Co się stanie, gdy pokażemy, jak niesprawiedliwe jest życie? 8 pytań wystarczy, byśmy otworzyli oczy

Alicja Cembrowska
Każdy z nas ma swoją historię. Nasze doświadczenia mogą być oczywiście podobne, zdarza się, że słyszymy od innych "rozumiem cię, mam tak samo". Sposób filtrowania, przeżywania, radzenia sobie z tym, co nas spotyka, są już jednak tak indywidualne, że prawdziwą sztuką jest całkowite "wyłączenie" wewnętrznego oceniacza, który zawsze podpowiada: "Na twoim miejscu...", "Nie masz tak źle, inni mają gorzej...".
Ten film pokazuje, że nie wszyscy startujemy z tego samego miejsca Zrzut z ekranu/Facebook
No właśnie. Inni mają gorzej? Dla każdego najważniejsze i najbardziej zajmujące są jego problemy i kłopoty. Trudno przejmować się głodem na świecie, gdy sami ledwo wiążemy koniec z końcem. Film, który od kilku dni cieszy się popularnością w mediach społecznościowych, przypomina jednak, że umiejętność zrozumienia sytuacji innego człowieka jest niezbędne do funkcjonowania w społeczeństwie.

Pęd, codzienne obowiązki, milion spraw do załatwienia sprawiają, że nie skupiamy się na tym, co dobrego nas spotkało. Rachunki do zapłacenia, raport do pracy, chore dziecko, zakupy. To zajmuje nasze głowy każdego dnia. I przez pryzmat swoich doświadczeń, swojej przeszłości często oceniamy innych. "Ja musiałem dać radę, więc inni też powinni". "Nie było mi lekko, ale sobie poradziłem". "Każdy, kto tego nie zrobił, jest nieudacznikiem". "Mi nikt nie pomagał". Nie chodzi o użalanie się nad sobą, czy tłumaczenie każdego niepowodzenia faktem sprzed 15 lat. Warto jednak przemyśleć i zaakceptować, że nie, nie wszyscy startujemy z tego samego miejsca. Gdy o tym zapominamy, bez zastanowienia wydajemy pochopne osądy, ranimy innych i wydaje nam się, że nasza opinia jest na pewno właściwa. Nie myślimy nad tym, że nie dostaliśmy monopolu na prawdę.
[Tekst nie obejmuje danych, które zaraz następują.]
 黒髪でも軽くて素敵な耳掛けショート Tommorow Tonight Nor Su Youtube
Film, który pojawił się na profilu telewizji WTV pokazuje, że życie każdego z nas jest determinowane przez czynniki, na które nie mamy wpływu i te, o których decydujemy sami. Prowadzący eksperyment zadał grupie osób osiem pytań. Jeżeli odpowiedź w ich przypadku brzmiała "tak" mogli zrobić dwa kroki do przodu.
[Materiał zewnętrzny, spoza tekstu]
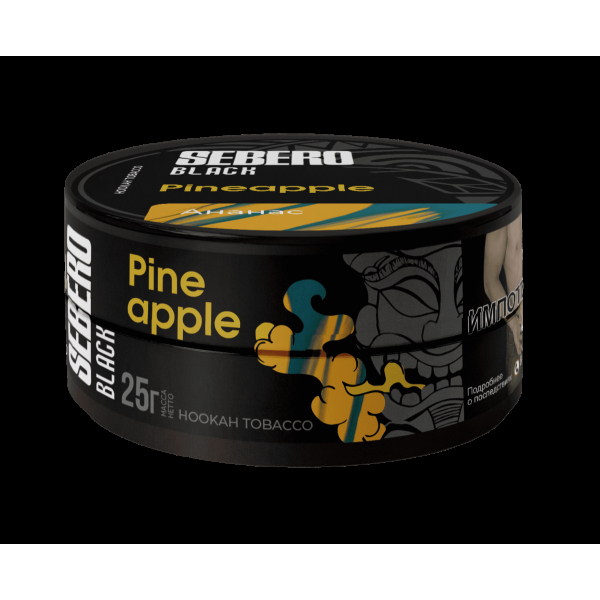 Табак Sebero Black Pineapple  25 грамм в Мурманске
Czy wasi rodzice nadal są małżeństwem?
Czy w waszym domu był ojciec?
Czy mieliście dostęp do prywatnej edukacji?
Czy korzystaliście z korepetycji?
Czy nie musieliście się bać o brak pieniędzy na koncie na telefonie?
Czy nie musieliście pomagać rodzicom w płaceniu rachunków?
Czy nie musicie płacić za studia?
Czy nie musieliście zastanawiać się, kiedy zjecie kolejny posiłek?

Po odpowiedzeniu na te pytania zaczynał się wyścig. Nagrodą było 100 dolarów. Prowadzący podkreślił, że nie chodzi o wyróżnianie lub dyskredytowanie kogokolwiek. Nie znaczy, że osoby, które zostały z tyłu, nie mogą brać udziału w biegu. Po prostu startują z innego poziomu. I o tym musimy pamiętać.